Search code examples
rdifferential-equations

how to specify final value (rather than initial value) for solving differential equations


I would like to solve a differential equation in R (with deSolve?) for which I do not have the initial condition, but only the final condition of the state variable. How can this be done?

The typical code is: ode(times, y, parameters, function ...) where y is the initial condition and function defines the differential equation.


Solution

  • Are your equations time reversible, that is, can you change your differential equations so they run backward in time? Most typically this will just mean reversing the sign of the gradient. For example, for a simple exponential growth model with rate r (gradient of x = r*x) then flipping the sign makes the gradient -r*x and generates exponential decay rather than exponential growth.

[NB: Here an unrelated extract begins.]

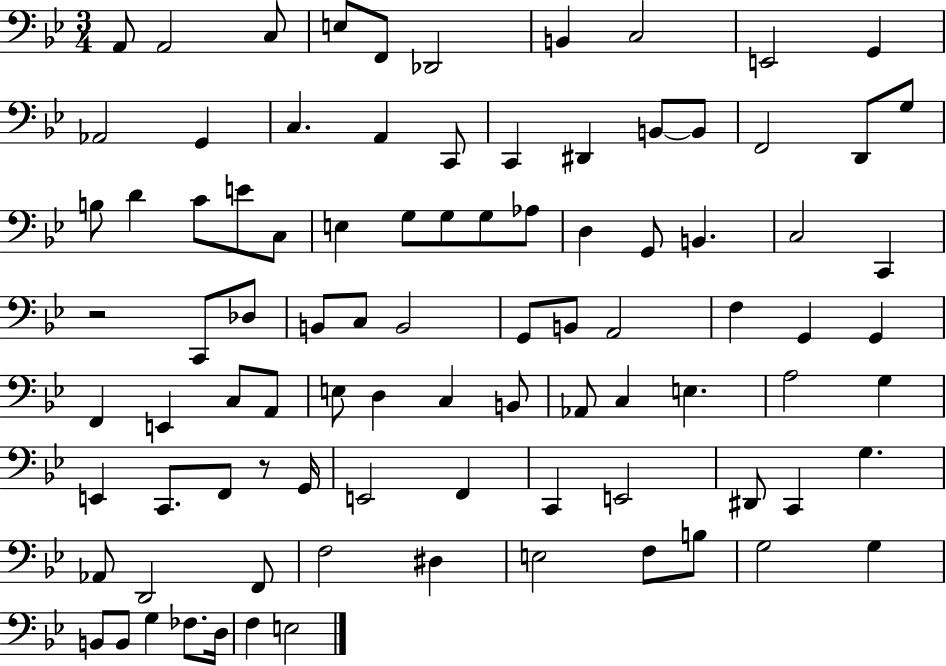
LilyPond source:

    If so, all you have to do is use your final condition(s) as your initial condition(s), change the signs of the gradients, and you're done.

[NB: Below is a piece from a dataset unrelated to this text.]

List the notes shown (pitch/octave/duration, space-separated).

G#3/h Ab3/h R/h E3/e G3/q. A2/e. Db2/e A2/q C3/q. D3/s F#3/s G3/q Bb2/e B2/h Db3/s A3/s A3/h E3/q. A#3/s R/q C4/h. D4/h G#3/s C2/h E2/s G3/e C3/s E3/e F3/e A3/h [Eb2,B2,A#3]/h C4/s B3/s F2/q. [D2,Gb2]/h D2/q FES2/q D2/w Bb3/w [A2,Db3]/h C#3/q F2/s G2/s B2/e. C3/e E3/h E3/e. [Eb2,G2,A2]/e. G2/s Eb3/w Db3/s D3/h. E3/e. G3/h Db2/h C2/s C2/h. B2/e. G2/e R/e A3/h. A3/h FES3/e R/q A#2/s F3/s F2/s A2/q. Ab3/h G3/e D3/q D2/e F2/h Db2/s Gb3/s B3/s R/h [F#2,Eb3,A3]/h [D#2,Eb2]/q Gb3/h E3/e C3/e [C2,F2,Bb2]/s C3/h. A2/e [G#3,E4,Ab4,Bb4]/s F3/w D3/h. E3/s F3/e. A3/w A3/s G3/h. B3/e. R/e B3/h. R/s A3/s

    As suggested by @LutzLehmann, there's an even easier answer: ode can handle negative time steps, so just enter your time vector as (t_end, 0). Here's an example, using f'(x) = r*x (i.e. exponential growth). If f(1) = 3, r=1, and we want the value at t=0, analytically we would say:

    x(T) = x(0) * exp(r*T) 
    x(0) = x(T) * exp(-r*T)
         = 3 * exp(-1*1)
         = 1.103638
    

    Now let's try it in R:

    library(deSolve)
    g <- function(t, y, parms) { list(parms*y) }
    res <- ode(3, times = c(1, 0), func = g, parms = 1)
    print(res)
    ##   time        1
    ## 1    1 3.000000
    ## 2    0 1.103639
    

    I initially misread your question as stating that you knew both the initial and final conditions. This type of problem is called a boundary value problem and requires a separate class of numerical algorithms from standard (more elementary) initial-value problems.

    library(sos)
    findFn("{boundary value problem}")
    

    tells us that there are several R packages on CRAN (bvpSolve looks the most promising) for solving these kinds of problems.